Kolumne von Michael Morosow

Es war im August 1888, als Bertha Benz den Herren der Schöpfung den Auspuff zeigte. Als erster Mensch wagte sie sich über kürzere Probefahrten hinaus und unternahm mit einem dreirädrigen Motorwagen eine 106 Kilometer lange Fernfahrt von Mannheim nach Pforzheim. Da blieb den Männern auf ihren Pferdekutschen die Spucke weg. Es dauerte freilich nicht lange, bis sie selbst das Steuer in die Hand nahmen und die Frau zur Beifahrerin wurde. Bis 1958 durften Frauen nur einen Führerschein machen, wenn es ihre Männer oder Väter erlaubten. 1973 schließlich erfuhren die Fernsehzuschauerinnen in der Sendung "Der 7. Sinn", warum Autofahren nicht so ihre Sache ist. "Frauen fahren meist vorsichtiger als Männer, weil ihnen die Übung fehlt. Sie behindern dann den fließenden Verkehr", so der Originalton.

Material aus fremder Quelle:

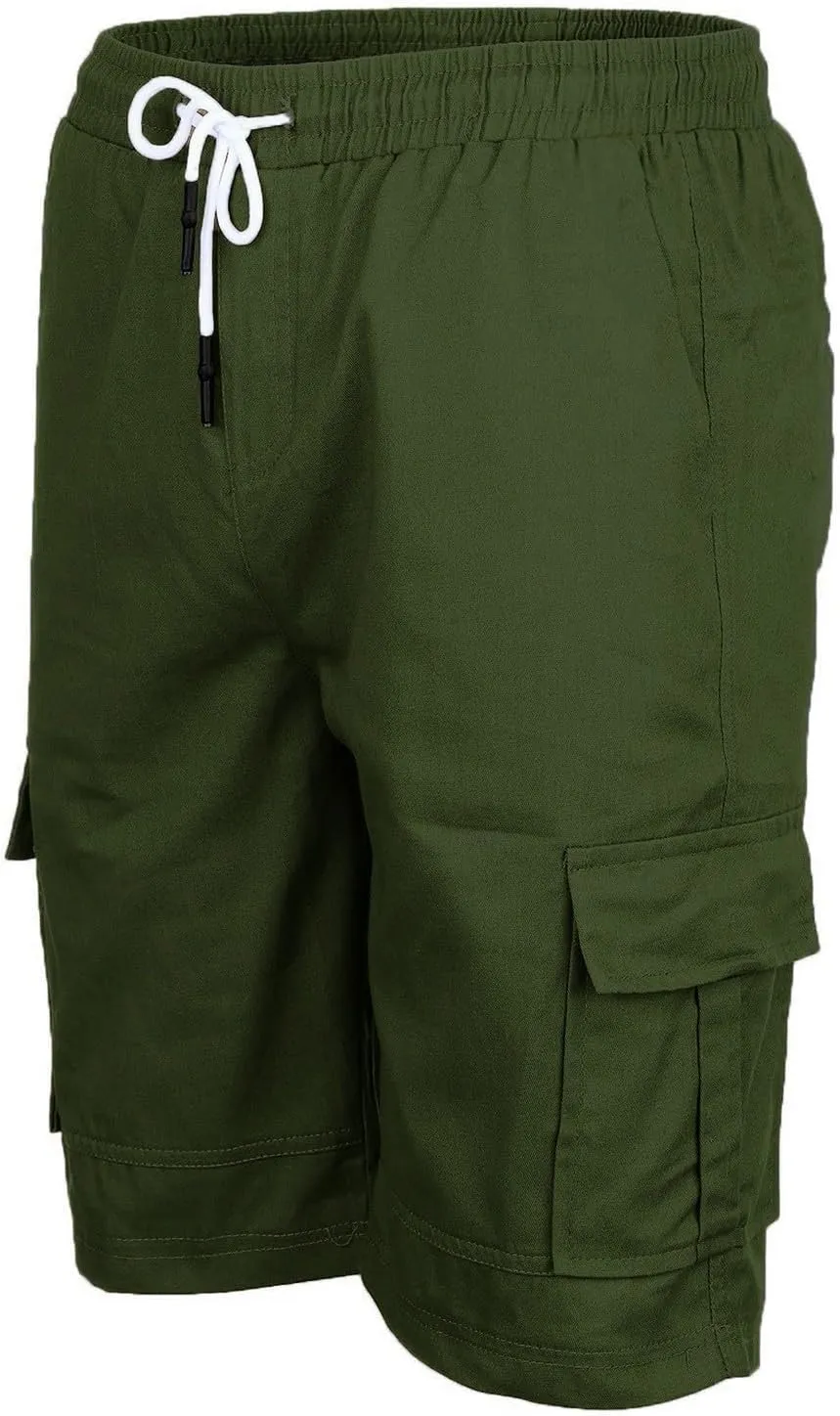 Mens Casual Twill Cargo Shorts Cotton Drawstring Classic Cargo Stretch Short with 6 Pockets Drawstring Shorts Cargo Shorts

Den Rückspiegel nutzten sie angeblich vornehmlich als Schminkspiegel und wenn sie mit ihrem Wagen zum Verkehrshindernis würden, dann liege das meist an ihrem mangelnden technischen Verständnis und sie seien auf männliche Hilfe angewiesen. Es folgte ein Satz, der bei Alice Schwarzer Schnappatmung ausgelöst haben dürfte, so sie vor dem Fernsehgerät saß: "Oft zu beobachten: Ist die Dame jung und hübsch, kommt die Hilfe meist schnell." Schließlich erfuhren die Damen noch, wann sie sich trotz all ihrer Mängel noch hinters Steuer setzen durften: "Es kommt oft vor, dass Männer durch Alkoholgenuss fahruntüchtig und auf die Hilfe der Damen angewiesen sind, obwohl diese ungern abends oder nachts fahren."

Männer, für die auch im Jahr 2022 noch das Verdammungsurteil: "Frau am Steuer, Ungeheuer" gilt, müssen jetzt tapfer sein: Sie holen auf. Sie werden mehr. Der Verkehr in Deutschland wird weiblicher. Laut Kraftfahrt-Bundesamt haben von 2020 bis 2022 bundesweit 1,55 Millionen Männer den Führerschein gemacht, im gleichen Zeitraum 1,68 Millionen Frauen. Das wirkt sich auch beim Autobesitz aus. Von den 48,4 Millionen Fahrzeugen haben 16,8 Millionen oder 34,6 Prozent eine Besitzerin. Das ist schon recht ansehnlich, wenn auch im Landkreis München diese Entwicklung noch mit angezogener Handbremse vorangeht. Lediglich 28,4 Prozent der Kraftwagen sind auf Frauen zugelassen, 44,8 Prozent haben Männer als Halter, der Rest ist geschlechterneutral im Firmenbesitz. Das reicht in einer Bundesliga der Autohalterinnen gerade einmal für Platz 393 unter 399 Stadt- und Landkreisen. Es ist also in dieser Hinsicht noch Luft nach oben für die Frauen im Landkreis München.

Freitagfrüh auf der Landstraße bei Taufkirchen: Ein schwerer Mercedes tuckelt mit 50 km/h vor einem her. Am Steuer ein Mann. Er behindert den fließenden Verkehr. Wie hieß es gleich wieder dazu vor knapp einem Jahrhundert in der Sendung "Der 7. Sinn"?: Witze reißen könnte man auch über den Hut- und Hosenträger-Fahrer, der mit der Zigarre auf dem Zahn gemächlich über die Straßen zuckelt. Vielleicht fehlt ihm einfach nur die Übung.